Tag Archives: suburbs

Little miracles

Miracle the First: It’s really hot here, but it’s not too hot to walk places, and there is something so cool (pardon the pun) about being the only person not in a car for miiiiiiiiiiiiiles. I hold my head a little higher as I cross an four-lane street and walk the vast parking lot of my neighborhood grocery store, and would you believe the Texas sun is already giving my Oregon pallor a run for its money? The other day I went grocery shopping and emerged with a Texas watermelon (among other things) wondering how I would make the trek back home, when a womyn approached me and said, ‘Excuse me, I noticed you were wearing a dress.’

I nodded. Seeing that she was wearing a long skirt, I braced myself for a lecture on the evils of short dresses. Instead, she said, ‘I have this dress that’s too small for me, would you like it?’ and held out a pink dress with shoulder pads and a mandarin collar.

‘I-I-I can just have it?’

‘Sure!,’ she smiled and walked back to her car.

That dress doesn’t fit me (not even close), and it’s not at all my style; but it’s my magic dress.* Something about it made my load of food lighter and my walk in the outdoor sauna altogether pleasant. See, what I really loathe about the suburbs is how compartmentalized everything is. You go from your house to your car to school/work/the mall/your favorite mid-level restaurant (Pei Wei Asian Fusion or bust! And don’t even try telling me P.F. Chang’s is better)/Coldstone or Pinkberry and home again. I have a really hard time making friends here, and I think most of it has to do with my attitude. I just don’t expect any spontaneous interaction, but as the Parking Lot Dress Womyn so easily proved, that’s silly. And it brings me to my…

Miracle the Second: This story is about the powers of the most magic person I know. I call her my mother. My mom can make friends with anyone anywhere.

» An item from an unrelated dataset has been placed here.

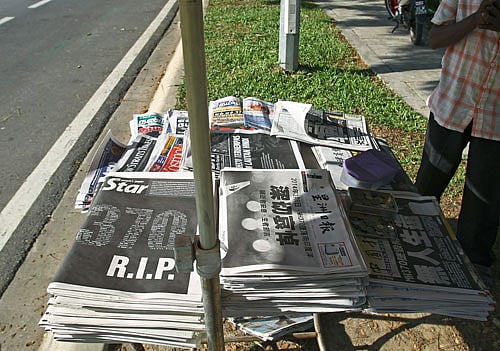 A white abalone sea snail is examined prior to a spawning event at the University of California's Davis Bodega Marine Laboratory.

She’s had so many friends that I have heard her tell long stories about really good friends she used to have, whose names she no longer remembers!

The other day I got to witness her friend-making powers in action. We were waiting for our table at Cheddar’s when my mom turned to the womyn sitting next to us and said, ‘I think I’ve seen you before,’ which I believed because this was one memorable-looking individual: orange-tan skin, platinum hair, super-round eyes, and the most pursed lips I have ever seen on a human being.  Absolutely purssssssssssssssssssed. This womyn (we’ll call her Cheddar in hommage to our meeting place) gave my mom a you-are-crazy-why-are-you-talking-to-me-stranger-danger-look. Unperturbed (or maybe oblivious), my mom went on to introduce herself and me.

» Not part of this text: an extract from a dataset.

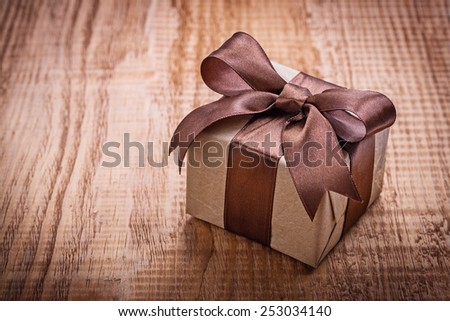single square vintage gift box qith brown bow on old wooden board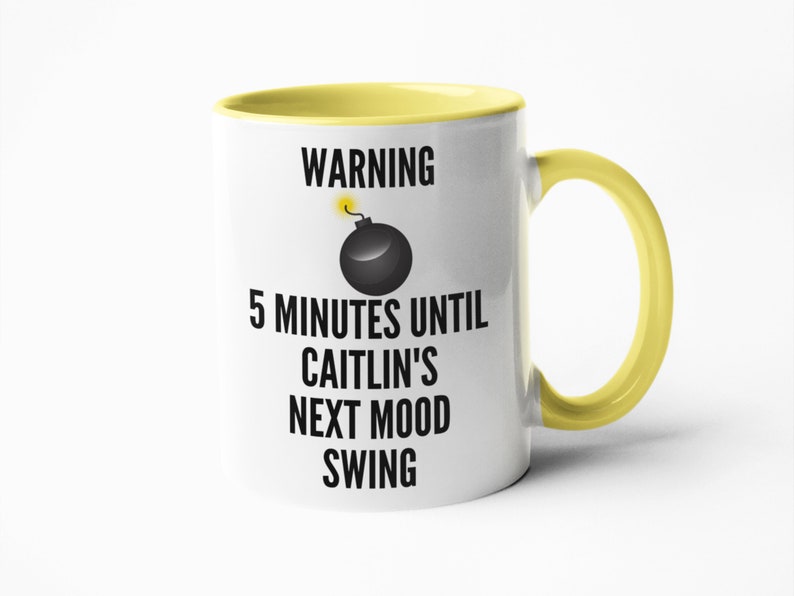 May include: White ceramic mug with a yellow interior and handle. The mug features the text "WARNING 5 MINUTES UNTIL CAITLIN'S NEXT MOOD SWING" with a cartoon bomb graphic. The mug is designed for beverages.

Cheddar: (Sounding very unsure) I have a daughter, too.
Mom: How old is she?
Cheddar: Eight.
Mom: Eight?! How old are you?
Cheddar: Thirty-five.
Mom: You don’t look it! Do you think you’ll have more kids?
Cheddar: No.
Mom: Are you divorced?
Cheddar: Yes.
Mom: I got divorced when she was two, but I guess I was lucky because she (signals to me) never wanted siblings, even after I got remarried.
Cheddar:  (Sighs and stops pursing her lips quite so much) My daughter really wants a  little brother or sister.
Mom: (Encouragingly) Oh, I’m sure you could get remarried and have another. You’re still young.
Cheddar: (Sadly) I don’t know…Sometimes it feels like I’ll never meet anyone again.
Mom: I know what that’s like. Dating can be such a hassle! You’re busy with work, with your daughter, with your family and friends. The last thing you wanna do is put in all that effort just to go on a bad date.
Cheddar: (Smiling) Exactly!
Mom: You know, the best way to meet someone is through a mutual friend because they know you, they know him, they can tell if you’re compatible.
Cheddar: (Unsure) Well, I’ve told my friends…
Mom: Then, don’t worry! As long as you are open to meeting someone, you will. You don’t have to go looking. The other thing that’s important is not having impossible expectations. Make a list of the five things that are most important to you. That way you can meet someone human instead of waiting on Mr. Perfect.
Cheddar: (Cheered up, nodding) Yeah! I can do that.

And then our table was ready, so my mom and Cheddar said, ‘Bye, nice to meet you!’ and that was that. I’ve been witnessing interactions like this all my life, and I’m still awestruck. Have you ever met someone who can so easily connect with a stranger and get her/him to divulge deep insecurities or tell her/his life story on the spot? I totally want to be like my mom when I grow up.

*It remains ‘mine’ though I’ve already donated it to charity ’cause I’m all, ‘Minimalism-Minimalism-Rah-Rah-Rah!’ these days.